By Carolyn Miller, Guest Writer
I'm a former travel agent, so I know the value of reconfirming reservations. For 8 years now, I've traveled with my 11 lbs. dog as an in-cabin pet between Central America, where I currently live, and the USA.
One year we decided to fly American Airlines to the USA with a plane change in Miami. I made the reservations by telephone for my husband and myself, as well as an in-cabin pet. The agent assured me our reservations were in order and the pet reservation was cross-referenced with our reservation. Since I'd booked far in advance, we ended up having a few schedule changes. Each time I called American Airlines, I verified the in-cabin pet traveling with us, using the confirmation number I'd been given.
Imagine my shock upon departure. I was flatly told that in-cabin pets were not allowed. Prior to travel, I'd spoken to no less than 6 American Airlines agents and was able to produce a log of whom I'd spoken to, at what date and what time. I'd reconfirmed all flights and the in-cabin pet the previous day. The gate agent was adamant we could not travel with an in-cabin pet. We spoke to a supervisor who said they'd be willing to send our dog in a "free crate" in cargo.

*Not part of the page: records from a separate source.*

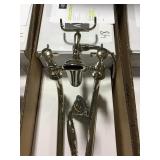 Platinum Nickel Floor Mount Bathtub Faucet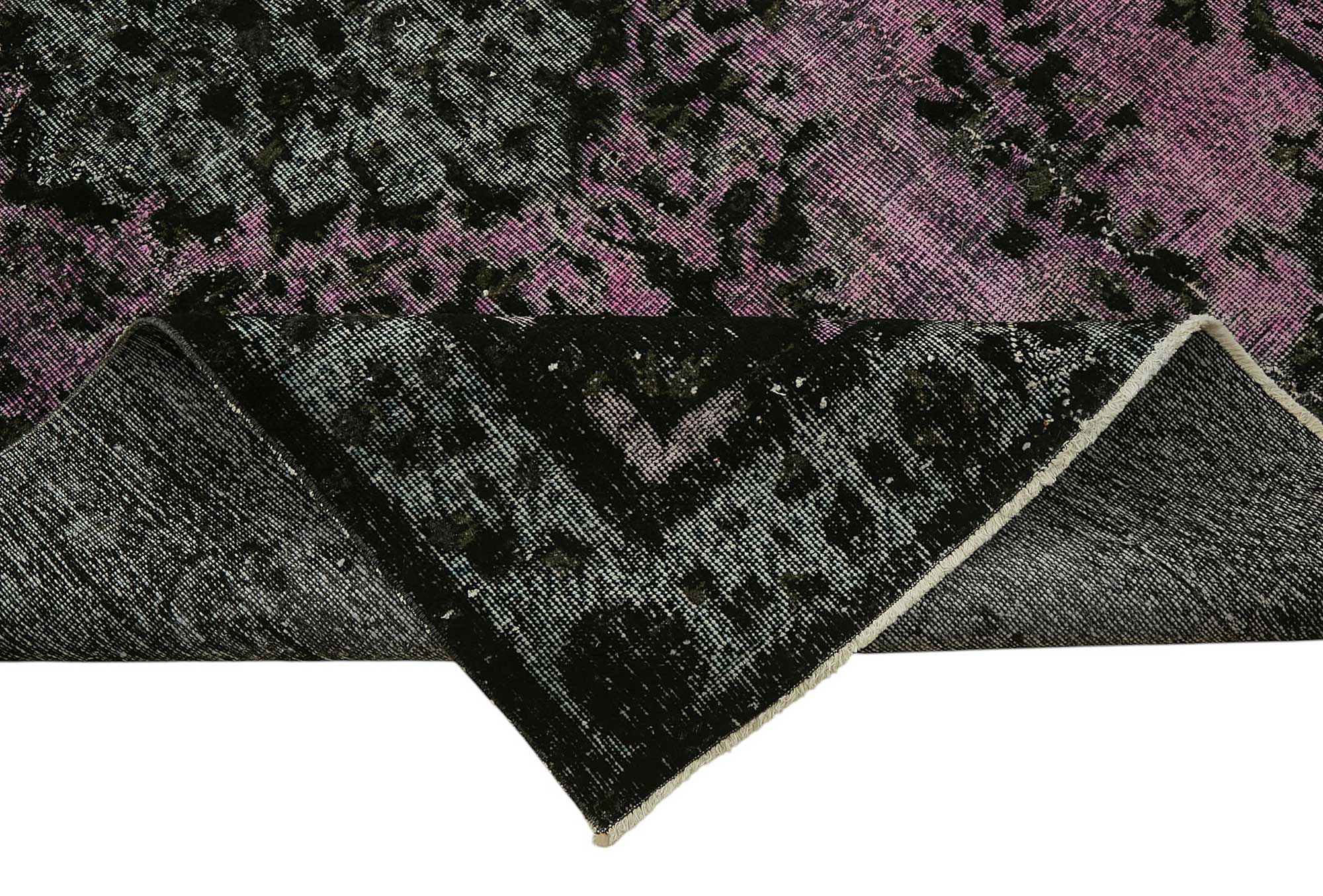 6x9 Vintage Hand-Carved Turkish Rug - 46931
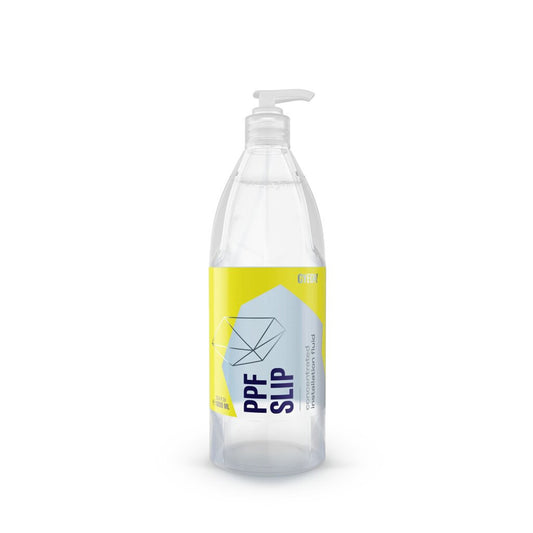 Bottle of PPF Slip on a white background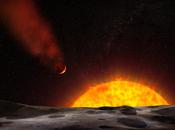 Découverte d’une exoplanète géante avec panache semblable comètes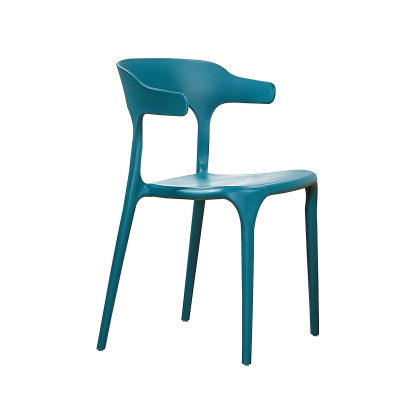 Modern Simple Plastic Chair Nordic Dining Chair Back Chair Home Creative Dining Tables and Chairs Cafe Leisure Ox Horn Chair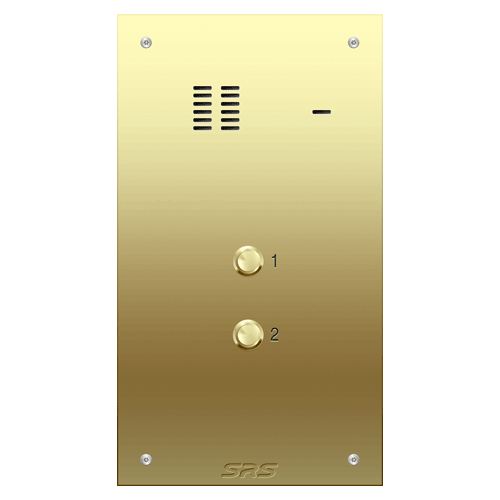 6302 02 way VR audio brass   panel,                    size D
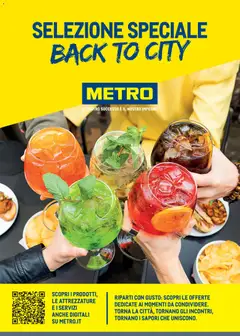 Anteprima dell'opuscolo Metro volantino Back to city dal negozio Metro valido da 27/08/2026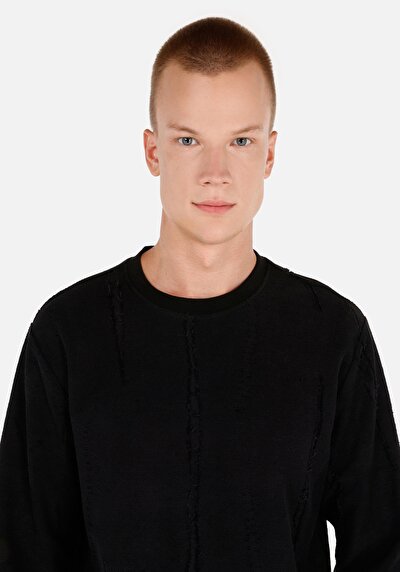 Image de T-shirt À Manches Longues Noir Regular Fit  Homme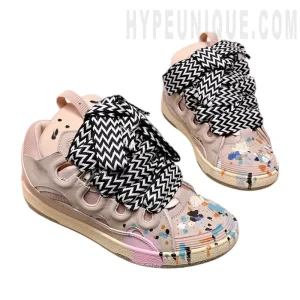 Leather Curb Gallery Dept. Pale Pink Multi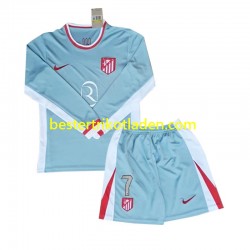 Fußballtrikot Atlético Madrid Antoine Griezmann 7 Auswärts Trikot Away 2024-2025 Langarm für Kinder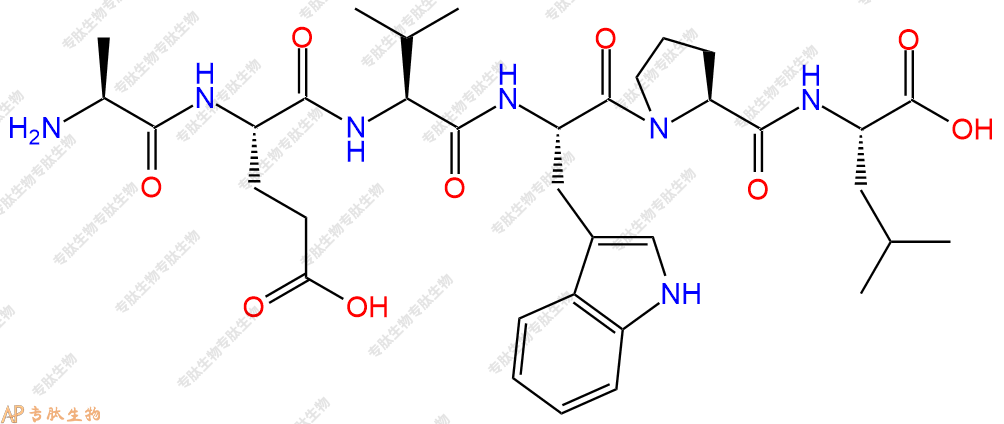 专肽生物产品H2N-Ala-Glu-Val-Trp-Pro-Leu-COOH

Living in a tropical country means that there is an "embargo" on travel with pets during the hottest months of the year, exactly when we were traveling. No way was I putting our small dog in cargo under these or any circumstances, especially when the Miami destination was equally as hot. I pointed this out to the supervisor ... who said he would make an "exception" in our case! This was not acceptable.
I suggested they just rebook us on the Continental flight connection leaving about the same time. He didn't want to do that. Given that the supervisor had my log of names and calls and confirmation numbers in hand, he could only agree that I'd been given bad information. Ultimately, he got special permission from the pilot of the plane to allow us to fly with our in-cabin pet.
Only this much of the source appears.